## Task
Working through the data below, reproduce word for word the line with "Sajttorta áfonyával és" and every line after it, both ends included, and omit the pictures.

═════ Records for this task ═════

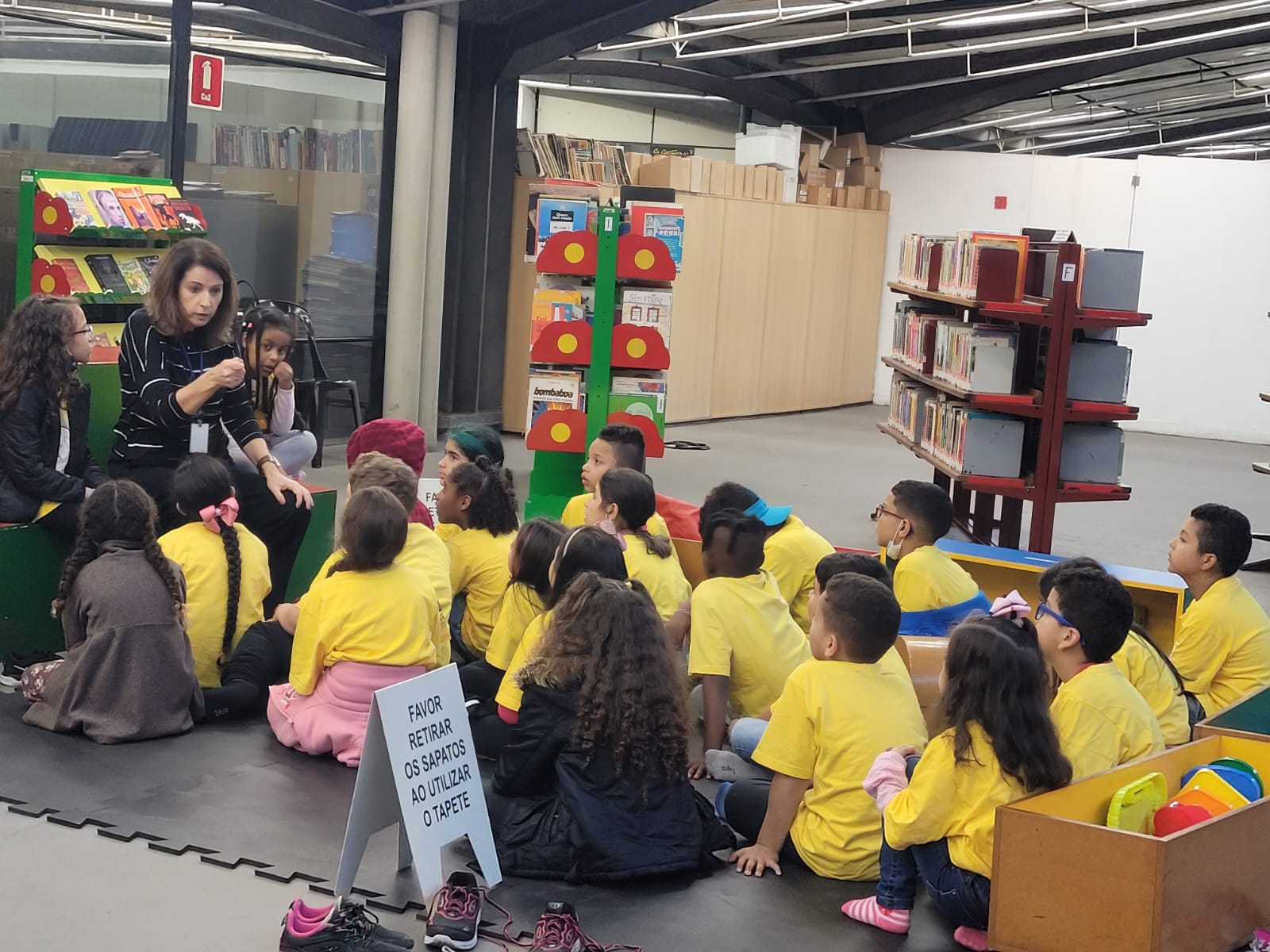 No brinquedoteca do Centro Cultural São Paulo, vestindo amarelo, crianças estão sentadas no chão enquanto a funcionária do Centro Cultural está contando uma história.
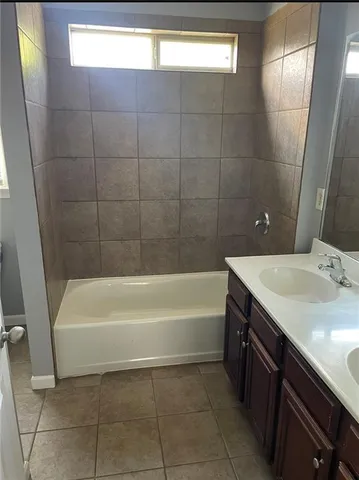 a bathroom with a bathtub and a sink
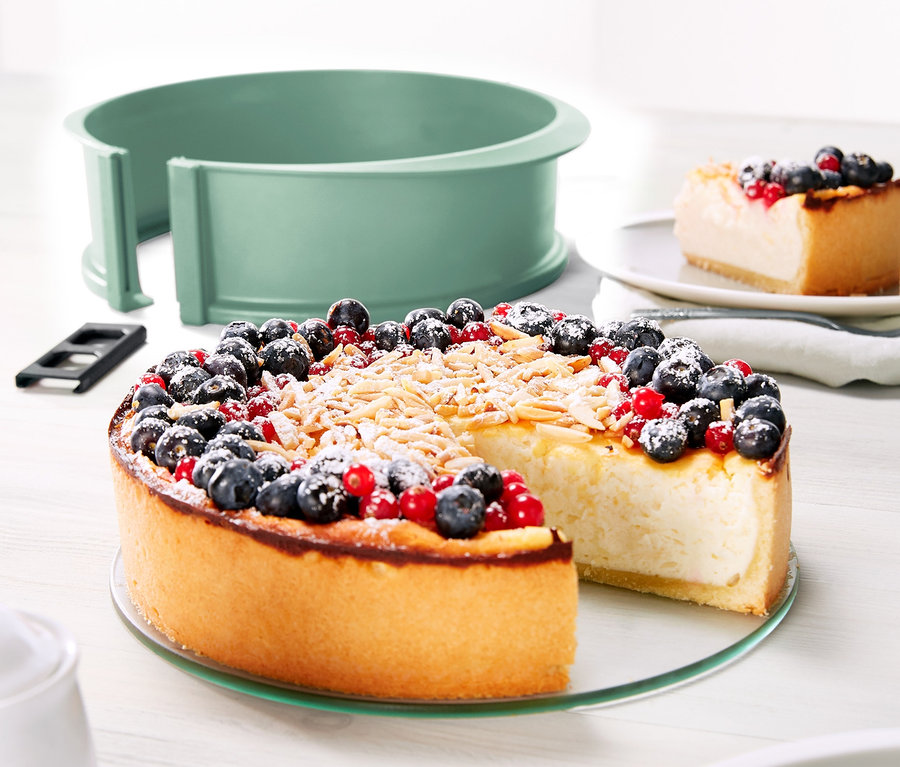 Sajttorta áfonyával és ribizlivel, szeletelve egy tányéron, egy szilikon sütőforma üvegaljjal mellett.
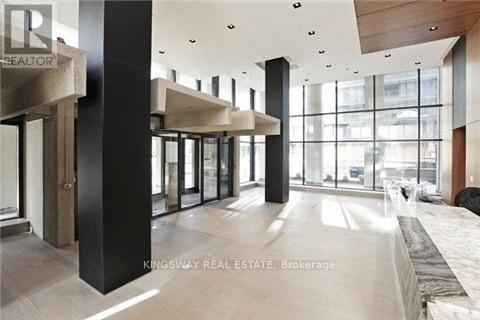 A modern interior space with a glass wall and a black column.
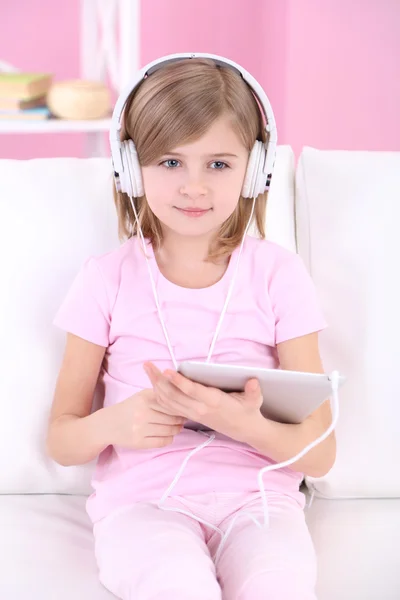 Bambina seduta sul divano ad ascoltare musica in camera — Foto Stock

═════

## Output of the exercise
 Sajttorta áfonyával és ribizlivel, szeletelve egy tányéron, egy szilikon sütőforma üvegaljjal mellett.
 A modern interior space with a glass wall and a black column.
 Bambina seduta sul divano ad ascoltare musica in camera — Foto Stock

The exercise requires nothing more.